Sadly, in that group we identified 96 unfortunates (18%) who were judged worse than 90% of their peers in their ability to perform one or more of these critical leadership skills. A score that low on even a single attribute can derail a career.
And so we counsel these individuals to fix their fatal flaws before they focus, as the rest of the group would do, on identifying their particular strengths and learning how to make them (and themselves) even more remarkable.
Those who believe that leopards, particularly senior management leopards, can't change their spots may be surprised to find that 71 of those 96 leaders were able to improve those flaws enough show a statistically significant improvement in their overall leadership effectiveness on their subsequent 360 evaluations. That is, roughly 75% of these leaders were able to change their behavior enough that their colleagues, subordinates, direct reports, and bosses (who had judged them so harshly before) could readily see improvement.
Furthermore, the changes weren't small. In 18 months to two years, these people hadn't just managed to drag themselves up from the bottom 10% to the bottom 20%. They move up 33 points. That propelled them from the bottom to being above average. If they choose to continue their development efforts, there's every reason to believe that many will continue to improve even more.

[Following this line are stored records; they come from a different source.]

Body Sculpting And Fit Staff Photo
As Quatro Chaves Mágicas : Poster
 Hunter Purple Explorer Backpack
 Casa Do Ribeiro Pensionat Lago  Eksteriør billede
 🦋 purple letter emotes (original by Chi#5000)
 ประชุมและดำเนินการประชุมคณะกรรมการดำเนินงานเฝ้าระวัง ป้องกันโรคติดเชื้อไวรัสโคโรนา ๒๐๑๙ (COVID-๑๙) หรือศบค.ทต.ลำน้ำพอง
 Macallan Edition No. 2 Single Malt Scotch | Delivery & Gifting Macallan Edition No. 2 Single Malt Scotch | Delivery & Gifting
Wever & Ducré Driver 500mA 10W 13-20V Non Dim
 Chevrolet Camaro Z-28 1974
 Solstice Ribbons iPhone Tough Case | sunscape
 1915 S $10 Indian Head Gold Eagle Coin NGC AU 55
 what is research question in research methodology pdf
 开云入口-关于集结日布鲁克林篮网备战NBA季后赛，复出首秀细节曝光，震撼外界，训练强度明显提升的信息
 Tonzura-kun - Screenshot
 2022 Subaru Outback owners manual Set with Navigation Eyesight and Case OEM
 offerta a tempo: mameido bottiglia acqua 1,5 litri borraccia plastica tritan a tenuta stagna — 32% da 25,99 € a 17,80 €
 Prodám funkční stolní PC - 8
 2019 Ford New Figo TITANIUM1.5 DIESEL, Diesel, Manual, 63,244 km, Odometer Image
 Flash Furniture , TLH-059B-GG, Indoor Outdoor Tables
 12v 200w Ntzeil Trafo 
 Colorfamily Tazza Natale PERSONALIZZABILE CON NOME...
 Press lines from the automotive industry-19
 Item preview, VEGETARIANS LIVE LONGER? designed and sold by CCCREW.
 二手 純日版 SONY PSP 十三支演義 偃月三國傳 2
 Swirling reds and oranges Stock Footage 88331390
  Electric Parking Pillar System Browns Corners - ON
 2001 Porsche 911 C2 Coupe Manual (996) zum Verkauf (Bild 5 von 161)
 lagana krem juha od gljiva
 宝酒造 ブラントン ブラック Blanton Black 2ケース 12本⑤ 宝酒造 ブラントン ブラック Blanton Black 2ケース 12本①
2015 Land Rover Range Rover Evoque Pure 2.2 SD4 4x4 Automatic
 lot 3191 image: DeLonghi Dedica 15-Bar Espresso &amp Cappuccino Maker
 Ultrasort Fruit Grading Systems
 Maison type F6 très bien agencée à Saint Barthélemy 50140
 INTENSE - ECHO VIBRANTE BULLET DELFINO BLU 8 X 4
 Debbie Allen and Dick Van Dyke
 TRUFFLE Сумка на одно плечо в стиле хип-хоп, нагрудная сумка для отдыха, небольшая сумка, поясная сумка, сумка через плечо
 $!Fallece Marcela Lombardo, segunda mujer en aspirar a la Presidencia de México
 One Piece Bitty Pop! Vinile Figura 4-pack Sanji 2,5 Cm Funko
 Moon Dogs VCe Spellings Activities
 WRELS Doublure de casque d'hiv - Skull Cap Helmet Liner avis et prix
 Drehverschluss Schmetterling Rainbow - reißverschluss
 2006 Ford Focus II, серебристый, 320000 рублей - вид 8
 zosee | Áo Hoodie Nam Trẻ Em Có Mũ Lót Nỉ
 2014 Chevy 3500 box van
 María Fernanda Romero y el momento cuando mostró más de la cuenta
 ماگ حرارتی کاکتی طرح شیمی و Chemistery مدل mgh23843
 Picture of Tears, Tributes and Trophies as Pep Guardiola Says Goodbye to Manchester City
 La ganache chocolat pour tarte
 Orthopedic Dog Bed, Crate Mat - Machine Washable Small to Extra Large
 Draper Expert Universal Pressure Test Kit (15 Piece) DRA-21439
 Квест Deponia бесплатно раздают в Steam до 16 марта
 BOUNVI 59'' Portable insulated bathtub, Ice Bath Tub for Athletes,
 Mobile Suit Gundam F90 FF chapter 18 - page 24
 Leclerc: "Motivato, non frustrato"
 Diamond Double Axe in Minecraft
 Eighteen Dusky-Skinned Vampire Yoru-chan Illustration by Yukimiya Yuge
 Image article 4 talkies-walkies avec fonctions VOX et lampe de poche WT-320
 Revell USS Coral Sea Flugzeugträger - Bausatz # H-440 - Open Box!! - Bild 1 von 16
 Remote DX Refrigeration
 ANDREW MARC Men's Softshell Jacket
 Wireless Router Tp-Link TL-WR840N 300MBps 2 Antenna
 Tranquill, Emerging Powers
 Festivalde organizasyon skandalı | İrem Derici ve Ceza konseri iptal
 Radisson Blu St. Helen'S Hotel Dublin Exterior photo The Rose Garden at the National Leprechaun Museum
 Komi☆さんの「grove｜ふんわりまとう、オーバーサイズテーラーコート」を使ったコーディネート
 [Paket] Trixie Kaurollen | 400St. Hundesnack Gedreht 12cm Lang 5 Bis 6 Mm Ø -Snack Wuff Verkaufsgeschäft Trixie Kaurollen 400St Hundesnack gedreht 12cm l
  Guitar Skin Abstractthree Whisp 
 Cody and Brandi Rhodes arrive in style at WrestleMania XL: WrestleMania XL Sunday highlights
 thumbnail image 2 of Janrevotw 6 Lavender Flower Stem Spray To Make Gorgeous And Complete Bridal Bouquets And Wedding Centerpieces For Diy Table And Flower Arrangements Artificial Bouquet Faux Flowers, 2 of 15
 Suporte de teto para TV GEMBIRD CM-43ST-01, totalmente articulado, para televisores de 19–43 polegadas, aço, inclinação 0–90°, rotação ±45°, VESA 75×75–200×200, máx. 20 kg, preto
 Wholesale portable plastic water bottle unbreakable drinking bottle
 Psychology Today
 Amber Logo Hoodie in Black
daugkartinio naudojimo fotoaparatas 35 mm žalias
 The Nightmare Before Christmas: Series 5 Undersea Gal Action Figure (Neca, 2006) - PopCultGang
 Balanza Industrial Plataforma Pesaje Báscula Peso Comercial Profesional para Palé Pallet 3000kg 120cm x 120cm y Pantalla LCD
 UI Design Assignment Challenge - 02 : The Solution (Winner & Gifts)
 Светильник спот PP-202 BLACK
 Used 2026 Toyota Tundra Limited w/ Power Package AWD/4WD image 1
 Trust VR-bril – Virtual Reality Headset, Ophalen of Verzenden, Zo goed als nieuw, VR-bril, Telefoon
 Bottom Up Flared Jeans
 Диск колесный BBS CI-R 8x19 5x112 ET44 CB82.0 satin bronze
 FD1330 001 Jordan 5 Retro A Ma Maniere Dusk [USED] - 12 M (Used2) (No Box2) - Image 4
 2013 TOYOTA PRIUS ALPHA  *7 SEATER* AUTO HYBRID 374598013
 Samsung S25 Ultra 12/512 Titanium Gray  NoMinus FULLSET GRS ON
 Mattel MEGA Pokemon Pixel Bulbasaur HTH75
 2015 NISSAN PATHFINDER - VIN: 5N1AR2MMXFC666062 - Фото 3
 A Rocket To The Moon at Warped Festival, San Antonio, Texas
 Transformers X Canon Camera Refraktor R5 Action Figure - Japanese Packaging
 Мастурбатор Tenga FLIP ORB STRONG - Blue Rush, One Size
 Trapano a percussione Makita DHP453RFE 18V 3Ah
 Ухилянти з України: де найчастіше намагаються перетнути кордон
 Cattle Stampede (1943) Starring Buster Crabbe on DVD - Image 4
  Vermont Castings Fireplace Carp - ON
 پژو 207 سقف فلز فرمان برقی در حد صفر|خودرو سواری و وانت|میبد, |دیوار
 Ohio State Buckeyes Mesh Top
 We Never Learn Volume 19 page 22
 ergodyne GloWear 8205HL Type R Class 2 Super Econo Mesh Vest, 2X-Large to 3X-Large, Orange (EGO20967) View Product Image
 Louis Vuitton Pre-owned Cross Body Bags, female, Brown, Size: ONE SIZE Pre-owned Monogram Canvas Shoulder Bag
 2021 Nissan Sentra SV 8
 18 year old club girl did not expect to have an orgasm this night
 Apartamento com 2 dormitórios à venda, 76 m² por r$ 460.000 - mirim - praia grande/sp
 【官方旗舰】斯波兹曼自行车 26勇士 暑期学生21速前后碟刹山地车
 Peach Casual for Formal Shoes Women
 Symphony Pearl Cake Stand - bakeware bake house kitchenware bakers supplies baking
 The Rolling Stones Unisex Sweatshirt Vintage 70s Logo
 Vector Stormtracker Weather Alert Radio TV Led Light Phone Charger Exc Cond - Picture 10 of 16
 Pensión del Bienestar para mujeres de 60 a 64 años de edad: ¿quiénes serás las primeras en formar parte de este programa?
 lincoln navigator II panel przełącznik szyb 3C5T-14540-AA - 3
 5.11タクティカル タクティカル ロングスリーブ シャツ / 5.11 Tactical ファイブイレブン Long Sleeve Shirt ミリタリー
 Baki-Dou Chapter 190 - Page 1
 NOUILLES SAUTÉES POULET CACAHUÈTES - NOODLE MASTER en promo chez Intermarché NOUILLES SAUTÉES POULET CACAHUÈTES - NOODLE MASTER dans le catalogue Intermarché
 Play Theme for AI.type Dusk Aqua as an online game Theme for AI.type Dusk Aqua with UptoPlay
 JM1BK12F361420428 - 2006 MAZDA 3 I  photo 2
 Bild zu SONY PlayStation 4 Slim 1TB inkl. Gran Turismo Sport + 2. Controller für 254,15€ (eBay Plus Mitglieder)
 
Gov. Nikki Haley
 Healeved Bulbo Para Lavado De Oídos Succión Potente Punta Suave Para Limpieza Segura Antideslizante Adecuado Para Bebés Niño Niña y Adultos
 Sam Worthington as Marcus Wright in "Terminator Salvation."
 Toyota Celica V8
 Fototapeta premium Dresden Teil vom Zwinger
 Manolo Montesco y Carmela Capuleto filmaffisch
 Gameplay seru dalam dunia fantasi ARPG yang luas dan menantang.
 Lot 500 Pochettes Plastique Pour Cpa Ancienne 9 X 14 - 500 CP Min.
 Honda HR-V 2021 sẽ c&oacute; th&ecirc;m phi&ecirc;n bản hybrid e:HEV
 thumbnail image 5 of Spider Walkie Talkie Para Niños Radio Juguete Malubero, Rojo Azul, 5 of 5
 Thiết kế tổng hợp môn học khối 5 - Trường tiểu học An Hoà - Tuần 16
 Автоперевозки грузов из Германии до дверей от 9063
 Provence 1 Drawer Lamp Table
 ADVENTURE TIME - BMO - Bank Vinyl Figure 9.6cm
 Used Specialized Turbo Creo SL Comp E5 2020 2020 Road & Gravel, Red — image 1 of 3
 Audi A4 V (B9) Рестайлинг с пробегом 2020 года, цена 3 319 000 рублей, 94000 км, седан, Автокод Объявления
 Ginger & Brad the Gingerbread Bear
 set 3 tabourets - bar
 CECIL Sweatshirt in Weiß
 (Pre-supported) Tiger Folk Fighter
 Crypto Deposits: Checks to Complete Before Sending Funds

As with Governor Sununu, the flaws most commonly tripping up our at-risk leaders were related to failures in establishing interpersonal relationships. Far less frequent were fatal flaws involved in leading change initiatives, driving for results, and — we're happy to report — character. That might explain how they'd managed to get as far as they had. But past a certain point, individual ambition and results aren't enough. As they climb higher in an organization and the ability to motivate others becomes far more important, poor interpersonal skills, indifference to other people's development, and a belief that they no longer need to improve themselves come to haunt these less effective leaders the most.
The exceptionally good news, our data show, is that far more often than not, those who take these issues seriously can succeed in shedding bad habits to become markedly better leaders. New spots, anyone?